No Give and Yes Take: Once again, France tightens visa restrictions on Tunisians and rejects their applications over ambiguous reasons.


Even though the right to mobility is one of the fundamental rights stated in the Universal Declaration of Human Rights, a significant number of Tunisians find themselves deprived of such a right, even after fulfilling all the bureaucratic procedures for visa application. Many of them have been faced with vague and unclear reasons for the rejection of their visa requests.

The rejection of visas to France has recently gained widespread attention. But the case of esteemed Tunisian actor, Raouf Ben Amor, took the debate to a new level where ‘humiliation’ becomes a keyword. Raouf Ben Amor, a well-known Tunisian actor, caused a stir when he requested help to secure a visa appointment on Facebook. This was to attend the “Mon Premier Film” festival as a jury member, scheduled to take place from June 12th to June 16th, 2023, in France. The 76-year-old actor has previously lived in France and was beyond qualified to obtain the visa without any issues, whatever that means. Following the indignation spread across social media, prompting an intervention to rectify this situation, the actor was eventually offered an appointment to finally obtain the coveted visa.

But the truth is esteemed actor or not, granting visas to Tunisians is not a favour, given the existence of mutual interests and bilateral agreements between the two countries and the significant advantages that were granted to foreign, particularly French, companies after Tunisia’s independence, and even after the overthrow of the regime in 2011.

According to official data, Cotusal, the General Company of Tunisian Salines, which benefited from the 1949 agreements, alone produces between 900,000 and 1 million tons per year and achieves transactions worth about 34 million dinars (13.6 million dollars) out of a total of 51 million dinars (20.5 million dollars) generated by the salt extraction sector in Tunisia. However, the Tunisian state loses 900,000 dinars annually due to Cotusal’s non-compliance with mining regulations and its failure to pay taxes to the government’s Coastal Protection and Development Agency.
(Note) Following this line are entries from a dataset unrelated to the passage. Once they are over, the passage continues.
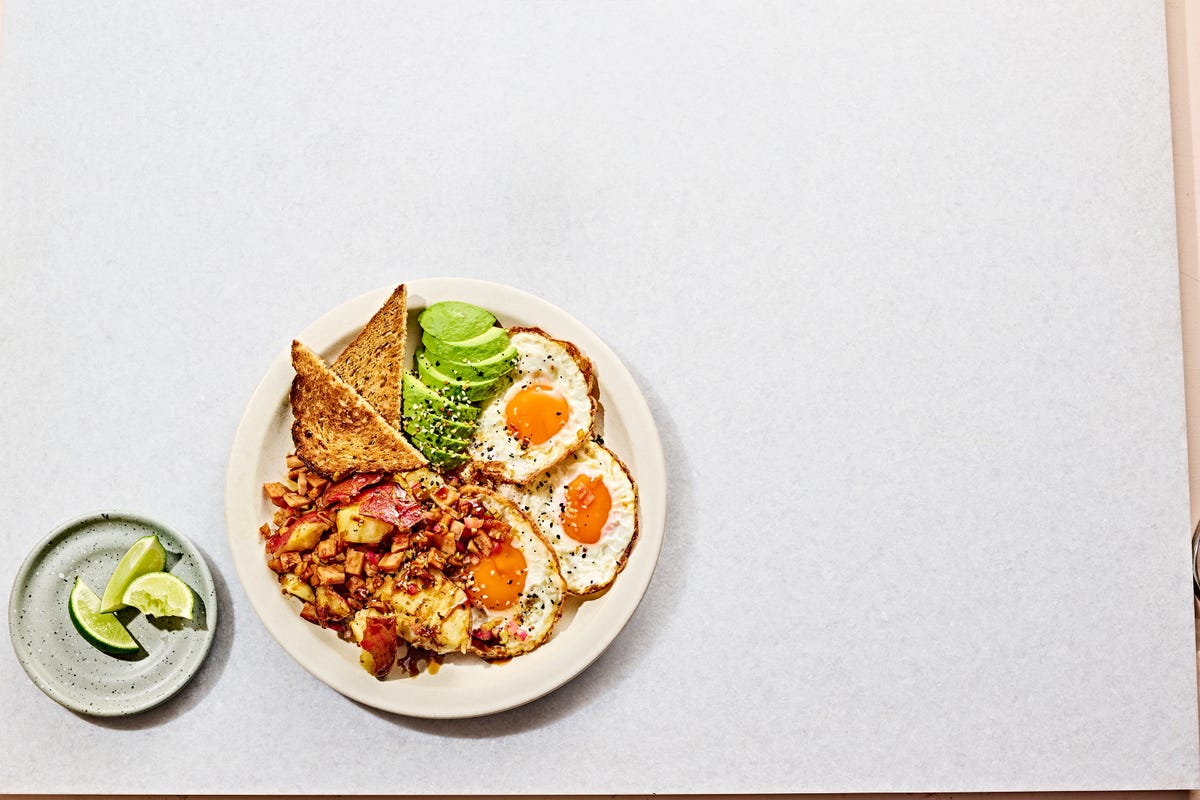 Fit Chef Robbie Felice's High-Protein Eggs & Bacon Breakfast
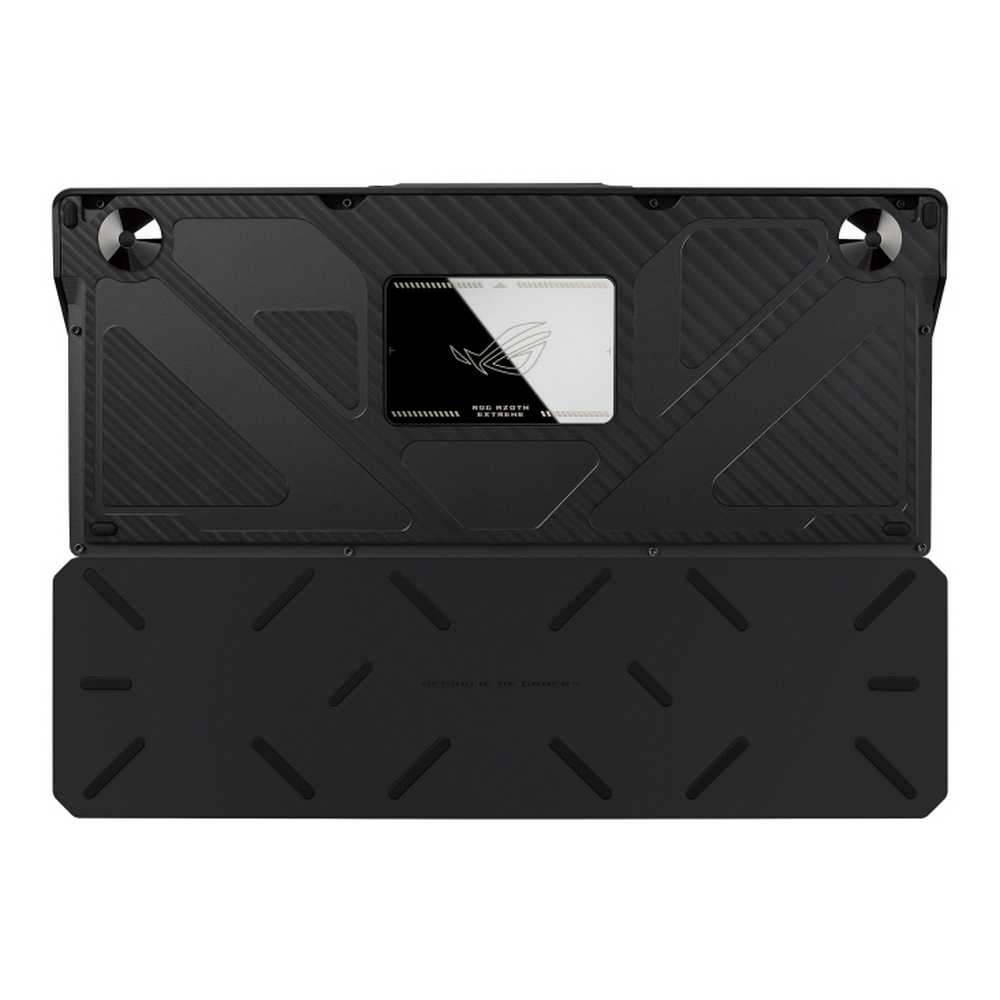 Schwarze Laptop-Rückseite mit geometrischem Design, ROG-Logo und Text. Der untere Teil hat diagonale Linien. Der Laptop ist im Studio aufgenommen.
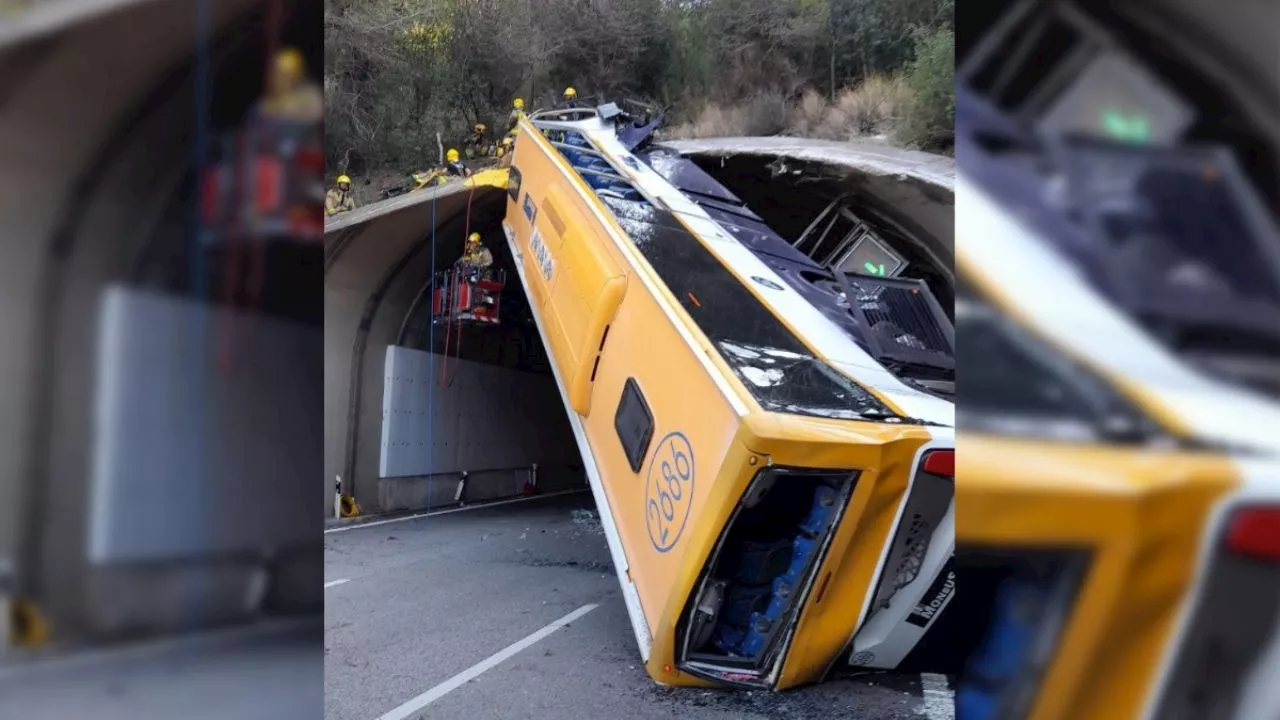 IMÁGENES FUERTES: vuelca autobús de pasajeros con 47 personas a bordo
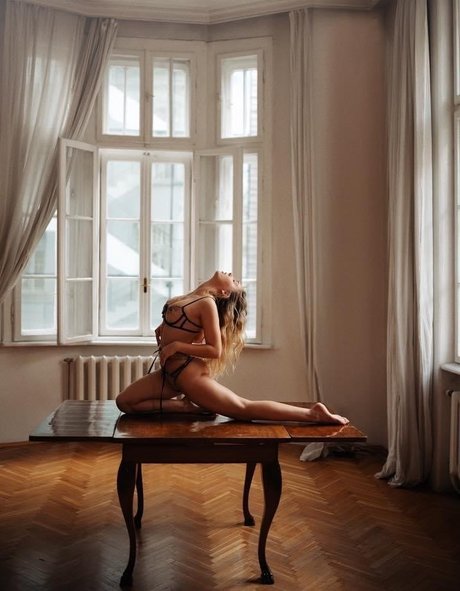 Teofana Todorova bonita estrella porno imágenes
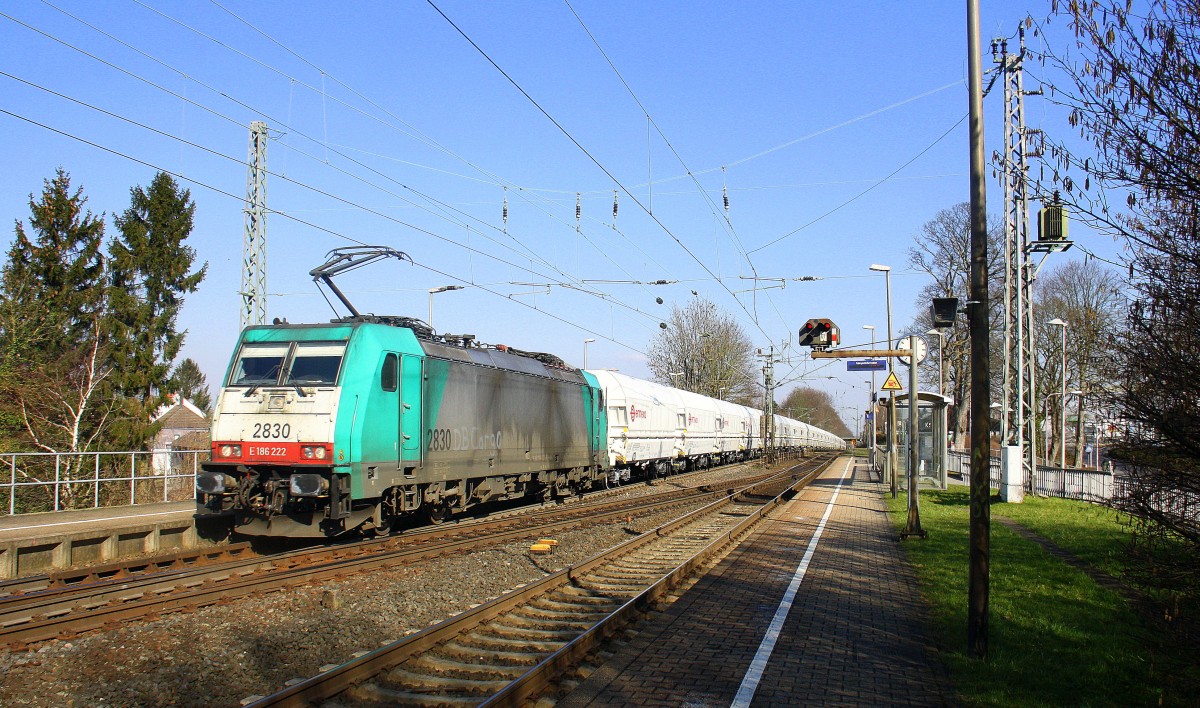 Die Cobra 2830 kommt die Kohlscheider-Rampe hoch mit einem langen Kalkleerzug aus Millingen(D) nach Yves-Gomezee(B) und fährt durch Kohlscheid in Richtung Richterich,Laurensberg,Aachen-West. Aufgenommen von Bahnsteig 1 in Kohlscheid. Bei schönem Sonnenschein am Vormittag vom 27.2.2016.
In May 2018, the Tunisian Parliament’s Industry, Energy, and Natural Resources Committee called on the government to review the contracts for the exploitation of Tunisian salt by Cotusal. Since it was automatically extended twice for 15 years in 2014, the current agreement will expire in 2029. On February 27th 2019, however, the Tunisian government decided not to renew the salt exploitation agreement with “Cotusal.” Unsurprisingly, the number of visa rejections to France started increasing between 2018 and 2019, and ever since the COVID crisis, the percentage of visa refusals for applications submitted to France has been evolving at an unjustifiable rate.

In this context, Ahmed Jamaa, a sociologist and one of the authors of the study ‘Fortress Europe,’ stated: “Visa refusals represent an insult to Tunisia, but it is not an isolated issue. It links migration to the political economy within a relationship of dominance that unites Tunisia with the European Union as a whole and is based on the plundering of the Maghreb region and Africa’s wealth”. The study adds that visa policies are used as a means of pressure on ‘third world’ countries that do not cooperate sufficiently in the issue of accepting migrants’ return.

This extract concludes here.